DISTRICT COURT OF THE UNITED STATES FOR THE DISTRICT OF SOUTH CAROLINA SPARTANBURG DIVISION
Oct 16, 2018
Civil Action No. 7:17-cv-02337-TMC-JDA (D.S.C. Oct. 16, 2018)

Opinion

Civil Action No. 7:17-cv-02337-TMC-JDA

10-16-2018

Morgan Simmons, Plaintiff, v. Spartanburg County, Defendant.


REPORT AND RECOMMENDATION OF MAGISTRATE JUDGE

This matter is before the Court on Defendant's motion for summary judgment. [Doc. 44.] Plaintiff alleges race discrimination and retaliation claims pursuant to Title VII of the Civil Rights Act of 1964, as amended ("Title VII"). [Doc. 1.] Pursuant to the provisions of 28 U.S.C. § 636(b)(1)(A) and Local Civil Rule 73.02(B)(2)(g), D.S.C., all pretrial matters in employment discrimination cases are referred to a United States Magistrate Judge for consideration.
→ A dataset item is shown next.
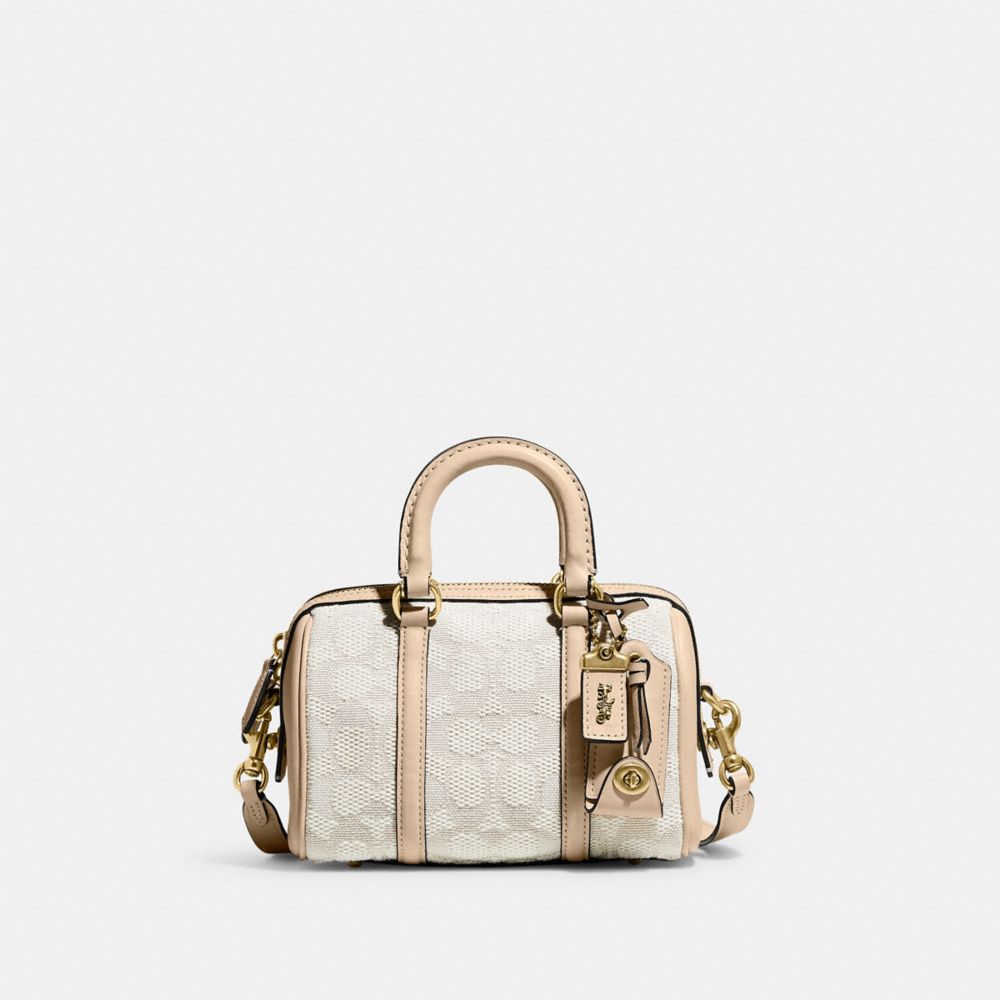 COACH® | Ruby Satchel 18 In Signature Textile Jacquard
Plaintiff, proceeding pro se, filed this action on August 31, 2017. [Doc. 1.] On June 25, 2018, Defendant filed a motion for summary judgment. [Doc. 44.] Plaintiff filed a response in opposition on July 24, 2018 [Doc. 53], and Defendant filed a reply on July 31, 2018 [Doc. 55]. Accordingly, the motion for summary judgment is ripe for review.

BACKGROUND

Defendant hired Plaintiff to work as a Technical Support Technician in the IT department July 2013. [Doc. 44-2 at 2-3.] Plaintiff's direct supervisor was Wyatt Shennan ("Shennan"), Client Services Manager, and Shennan's supervisor was Kim Danner ("Danner"), Director of Information Technology. [Id. at 3, 4; Doc. 55-2 ¶ 1.] On June 28, 2014, Plaintiff was promoted to work in the Communications/911 department. [Docs. 44-2 at 3; 55-2 ¶ 2.] Danner; Mike Flynn ("Flynn"), Director of Spartanburg County Communications/911; and Kevin White ("White"), IT Infrastructure Manager, selected Plaintiff for the position in the Communications/911 department. [Doc. 44-2 at 4.] Although Plaintiff's physical workplace changed, he never relinquished responsibilities in the IT department. [Doc. 55-2 ¶ 2; see Doc. 44-2 at 4, 10.] After Plaintiff was promoted to the Communications/911 department, Flynn was his director, and he could attend training with White. [Doc. 44-2 at 4.]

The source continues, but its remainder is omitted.